How Artificial Intelligence Is Changing Drug Discovery
The massive advances humans have made in the medical field are prominent. We have developed and created medicine, treatments, and vaccinations that keep human life-expectancy high. But, these advances come at a high price. A massive amount of money is required to conduct researches, trials, and experiments for new medications. However, with the help of technology, scientists have found a solution to this economic problem. In the article “How artificial intelligence is changing drug discovery”, Nic Fleming discusses the discovery and use of artificial intelligence (AI) systems in finding new biopharmaceutical drugs that are possible cures to incurable diseases. Although the article’s main focus is on AI, it is not the innovation of the year.
However, scientists discovered new ways of utilizing AI in the world of biotechnology which can ultimately lead to new valuable drugs. The idea of AI first began in the 1950s and was said to “likely remain in the realms of science fiction” (Fleming 2018). Currently, scientists use ‘narrow AI’—technology that concentrates on a single task—for drug-discovery. In his article, Fleming delves into a particular biotechnology company near Boston, Massachusetts called Berg. Through their specific scientific methodology, Berg was able to create a cancer drug that showed potential healing characteristics. They observed both cancerous and healthy human cell samples. Their AI was built to “identify previously unknown cancer mechanisms using tests on more than 1,000 [cells]” (Fleming 2018). The controlled variable in their experiment was the variation in the levels of sugar and oxygen the diseased human cells were exposed to. They then tracked its lipid, metabolite, enzyme, and protein profiles. The AI totaled massive amounts of data from patients to contrast cancerous and healthy cells. The result: BPM31510, a drug for individuals with advanced pancreatic cancer and is presently undergoing the second phase of a clinical trial.
Apart from Berg, there are also other companies that Flemington shares knowledge about. Benevolentbio, a company based in London, uses AI like a search engine. It gathers data from various sources like research papers, patents, clinical trials, and patient records that make up a large database of “inferred relationships between biological entities”. Flemington brings up how the company uses their AI system to find suggestions that could treat ALS (amyotrophic lateral sclerosis). To make the long story short, in December 2017, four out of five of the 100 existing compounds the AI was able to flag had promising results. Furthermore, in early April, Nature Biotechnology reported that the FDA approved an AI-powered software that sends an instant message to specialists about the nature and treatment of stroke patients. Viz. ai LVO Stroke System speeds up the process of detecting LVO (large vessel occlusion) stroke by 6 minutes.

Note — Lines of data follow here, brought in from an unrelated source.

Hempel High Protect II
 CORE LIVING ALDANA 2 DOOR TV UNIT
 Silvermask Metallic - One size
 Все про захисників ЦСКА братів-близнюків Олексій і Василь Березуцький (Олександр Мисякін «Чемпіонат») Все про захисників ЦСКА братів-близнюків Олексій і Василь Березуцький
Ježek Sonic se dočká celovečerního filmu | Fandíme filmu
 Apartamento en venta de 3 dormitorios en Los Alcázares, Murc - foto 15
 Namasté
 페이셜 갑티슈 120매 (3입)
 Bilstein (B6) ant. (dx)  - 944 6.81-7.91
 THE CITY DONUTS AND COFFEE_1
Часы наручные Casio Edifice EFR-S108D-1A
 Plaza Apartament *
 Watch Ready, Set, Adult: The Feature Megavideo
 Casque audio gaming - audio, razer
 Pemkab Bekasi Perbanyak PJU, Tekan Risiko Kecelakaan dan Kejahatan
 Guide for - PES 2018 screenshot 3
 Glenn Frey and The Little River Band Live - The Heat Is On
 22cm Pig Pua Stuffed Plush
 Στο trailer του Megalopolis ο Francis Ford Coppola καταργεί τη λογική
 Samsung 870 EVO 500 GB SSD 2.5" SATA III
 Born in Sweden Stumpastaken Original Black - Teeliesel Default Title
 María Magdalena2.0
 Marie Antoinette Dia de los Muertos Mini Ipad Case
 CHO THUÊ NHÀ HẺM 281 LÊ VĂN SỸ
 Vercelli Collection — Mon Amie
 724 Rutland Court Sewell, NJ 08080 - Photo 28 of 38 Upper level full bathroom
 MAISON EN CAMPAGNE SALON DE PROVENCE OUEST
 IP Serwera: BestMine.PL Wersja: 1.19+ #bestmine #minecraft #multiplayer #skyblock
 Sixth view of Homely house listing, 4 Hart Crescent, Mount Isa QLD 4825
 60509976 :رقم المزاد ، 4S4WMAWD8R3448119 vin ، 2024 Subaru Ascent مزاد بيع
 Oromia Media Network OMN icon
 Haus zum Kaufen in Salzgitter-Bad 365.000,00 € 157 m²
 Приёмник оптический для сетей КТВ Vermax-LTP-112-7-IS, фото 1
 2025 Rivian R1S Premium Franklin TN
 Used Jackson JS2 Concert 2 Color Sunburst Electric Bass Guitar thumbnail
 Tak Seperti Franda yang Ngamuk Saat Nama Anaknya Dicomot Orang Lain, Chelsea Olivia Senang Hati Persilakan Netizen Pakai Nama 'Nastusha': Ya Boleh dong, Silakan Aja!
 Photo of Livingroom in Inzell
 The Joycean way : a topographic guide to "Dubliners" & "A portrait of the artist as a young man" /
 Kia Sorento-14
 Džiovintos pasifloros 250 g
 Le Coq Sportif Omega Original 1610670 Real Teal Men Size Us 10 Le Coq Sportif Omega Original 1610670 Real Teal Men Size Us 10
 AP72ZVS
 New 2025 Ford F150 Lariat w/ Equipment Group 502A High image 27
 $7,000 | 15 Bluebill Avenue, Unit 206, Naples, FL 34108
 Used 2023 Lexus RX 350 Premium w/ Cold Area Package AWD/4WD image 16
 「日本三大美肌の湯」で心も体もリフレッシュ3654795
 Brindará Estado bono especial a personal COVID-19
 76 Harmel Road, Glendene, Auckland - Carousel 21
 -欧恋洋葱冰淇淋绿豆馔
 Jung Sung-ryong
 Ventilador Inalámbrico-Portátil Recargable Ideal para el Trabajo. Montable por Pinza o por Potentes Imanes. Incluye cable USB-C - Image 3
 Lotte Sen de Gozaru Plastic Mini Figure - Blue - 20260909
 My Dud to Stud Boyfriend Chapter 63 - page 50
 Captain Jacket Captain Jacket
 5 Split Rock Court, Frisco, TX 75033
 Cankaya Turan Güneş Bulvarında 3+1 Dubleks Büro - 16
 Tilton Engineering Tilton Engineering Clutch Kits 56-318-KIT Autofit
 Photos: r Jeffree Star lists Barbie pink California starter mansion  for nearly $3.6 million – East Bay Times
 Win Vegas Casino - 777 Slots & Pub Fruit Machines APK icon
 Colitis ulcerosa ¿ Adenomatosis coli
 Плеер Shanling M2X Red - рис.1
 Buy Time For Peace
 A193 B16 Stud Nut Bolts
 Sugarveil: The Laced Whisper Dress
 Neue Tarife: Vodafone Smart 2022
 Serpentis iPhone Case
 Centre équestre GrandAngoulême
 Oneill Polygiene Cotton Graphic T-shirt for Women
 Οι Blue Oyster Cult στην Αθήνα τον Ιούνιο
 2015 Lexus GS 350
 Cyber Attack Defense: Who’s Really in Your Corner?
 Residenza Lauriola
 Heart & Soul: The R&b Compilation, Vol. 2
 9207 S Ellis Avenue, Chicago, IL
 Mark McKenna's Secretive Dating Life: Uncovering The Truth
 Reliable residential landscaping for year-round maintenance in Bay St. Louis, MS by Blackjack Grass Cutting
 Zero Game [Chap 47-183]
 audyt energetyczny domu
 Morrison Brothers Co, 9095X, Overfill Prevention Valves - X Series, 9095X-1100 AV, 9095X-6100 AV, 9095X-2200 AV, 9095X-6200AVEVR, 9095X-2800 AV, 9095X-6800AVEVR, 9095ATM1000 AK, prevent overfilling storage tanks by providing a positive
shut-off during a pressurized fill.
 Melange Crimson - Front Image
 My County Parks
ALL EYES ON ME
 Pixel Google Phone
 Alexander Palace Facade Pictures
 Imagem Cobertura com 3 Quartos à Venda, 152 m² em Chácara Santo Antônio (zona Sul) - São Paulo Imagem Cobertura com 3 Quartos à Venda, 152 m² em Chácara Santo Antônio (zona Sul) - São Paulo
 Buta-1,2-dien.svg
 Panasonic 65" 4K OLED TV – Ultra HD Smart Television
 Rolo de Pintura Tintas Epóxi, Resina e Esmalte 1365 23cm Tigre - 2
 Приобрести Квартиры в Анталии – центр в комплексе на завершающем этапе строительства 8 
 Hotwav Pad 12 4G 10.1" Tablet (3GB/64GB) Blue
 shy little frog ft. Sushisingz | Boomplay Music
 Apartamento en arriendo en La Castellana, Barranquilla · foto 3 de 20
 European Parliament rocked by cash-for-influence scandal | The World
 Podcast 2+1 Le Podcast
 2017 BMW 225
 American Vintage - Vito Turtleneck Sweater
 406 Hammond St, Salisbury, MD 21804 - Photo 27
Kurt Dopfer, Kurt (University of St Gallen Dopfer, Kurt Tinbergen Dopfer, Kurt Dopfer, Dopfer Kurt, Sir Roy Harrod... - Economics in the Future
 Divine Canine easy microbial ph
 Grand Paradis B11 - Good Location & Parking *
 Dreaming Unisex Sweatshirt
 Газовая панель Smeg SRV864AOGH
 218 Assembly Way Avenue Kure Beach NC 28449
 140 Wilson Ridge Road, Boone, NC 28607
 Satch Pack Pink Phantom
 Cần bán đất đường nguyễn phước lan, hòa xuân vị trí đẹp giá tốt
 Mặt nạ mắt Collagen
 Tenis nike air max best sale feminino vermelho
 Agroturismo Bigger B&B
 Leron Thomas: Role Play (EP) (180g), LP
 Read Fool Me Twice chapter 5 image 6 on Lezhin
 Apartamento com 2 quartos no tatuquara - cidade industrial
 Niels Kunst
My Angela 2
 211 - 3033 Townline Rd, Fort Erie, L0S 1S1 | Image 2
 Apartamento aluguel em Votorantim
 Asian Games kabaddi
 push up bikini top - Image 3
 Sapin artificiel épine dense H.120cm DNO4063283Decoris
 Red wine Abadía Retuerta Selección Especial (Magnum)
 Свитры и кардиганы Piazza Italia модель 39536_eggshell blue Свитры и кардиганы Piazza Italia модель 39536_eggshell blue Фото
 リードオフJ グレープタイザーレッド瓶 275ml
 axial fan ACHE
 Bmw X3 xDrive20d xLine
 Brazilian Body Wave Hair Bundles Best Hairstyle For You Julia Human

The importance of artificial intelligence in drug discovery is evidently growing. The fact that AI provides a cheaper, more effective and defined method of researching encourages scientists to develop it further. The more we learn and innovate AI systems like Berg, Benevolentbio, and Viz. ai, the further we unlock answers to the unknown and find cures for the incurable. Artificial intelligence provides a fighting chance for patients with terminal diseases. It is improving the drugs we use for cancer patients and our understanding of certain cancerous diseases. In the article “AI-powered drug discovery captures pharma interest”, Eric Smalley states that the “two-decade-long downward trend in clinical success rates has only recently improved” due to AI. This shows that AI shows an abundant success rate. Another point worth noting is that some scientists believe that learning how to navigate technology is vital. They urge students that aim to work in drug disovery to “become more informed and flexible” (Flemington 2018). The article shows a statement made by Anthony Bradley, a medical chemist at the University of Oxford, UK, which points out that “remaining versatile [makes] best use of the power of the available tools”.
To sum up, this article dissertates the role AI plays in the pharmacology department and specific areas in the medical field. Nic Fleming eloquently explains in simple, understandable terms how AI provides a more effective solution and a more defined method of researching. He expands on a few companies that use AI in their work and proves the potential impacts they have on the subjects they are working on. Yet, with all these great examples, Fleming ends with the note on the matter that there are currently no approved drugs developed by AI. There are also people concerned with the ethical controversies surrounding artificial intelligence. But, personally, I am hopeful that it is the key to finding the solutions to the existing medical uncertainties we have in our world. Technology is only continuing to prove that with the right innovations and proper applications, it can save lives.